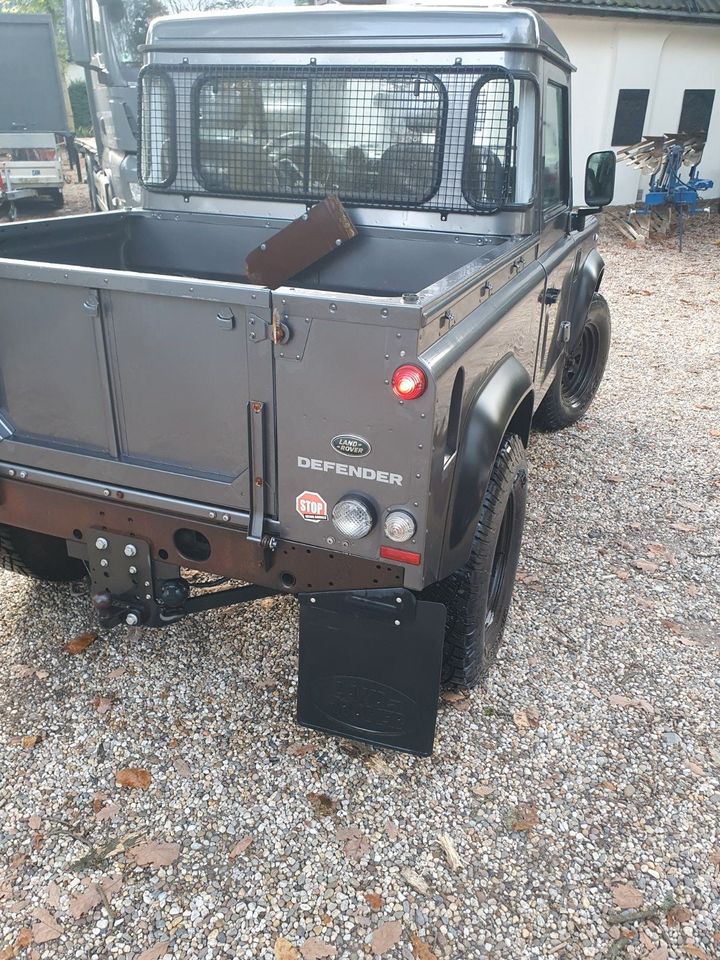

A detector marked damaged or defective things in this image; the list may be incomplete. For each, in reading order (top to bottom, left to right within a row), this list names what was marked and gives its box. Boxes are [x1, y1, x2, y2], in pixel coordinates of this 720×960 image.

rusty metal bracket in bed [249, 402, 268, 544]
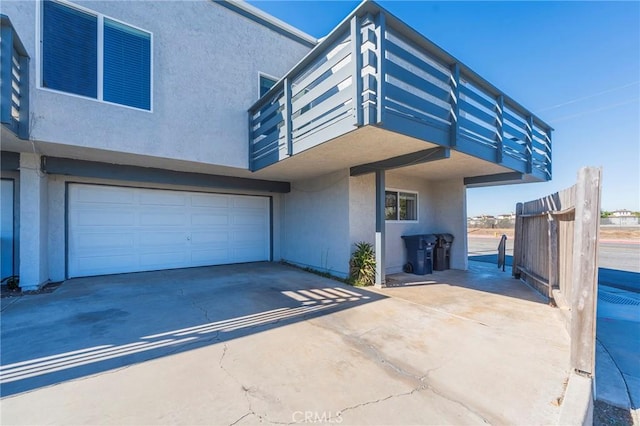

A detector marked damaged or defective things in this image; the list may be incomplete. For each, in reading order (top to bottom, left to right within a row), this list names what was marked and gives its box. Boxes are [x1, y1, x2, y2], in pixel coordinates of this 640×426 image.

cracked concrete [0, 262, 568, 424]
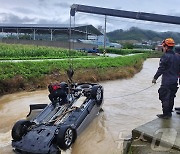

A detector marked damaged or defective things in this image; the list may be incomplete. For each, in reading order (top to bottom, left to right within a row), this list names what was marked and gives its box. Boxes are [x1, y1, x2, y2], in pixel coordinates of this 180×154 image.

overturned vehicle [11, 80, 102, 153]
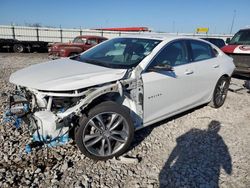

○ ○ ○ ○ ○ ○ ○

The copy must start at the line containing "this 180×154 image." and end at the last line of the data, matching each line exactly. It must hold no pictures.

» Result for this exercise:
A detector marked damaged or defective things in this image; the list may be incomplete. For each, in reading order (top to bottom, left to right within a row), this list names what was marked and gives its box. Boxes are [x1, y1, x2, y2], in pixel coordinates of this 180×154 image.

overturned vehicle [11, 80, 102, 153]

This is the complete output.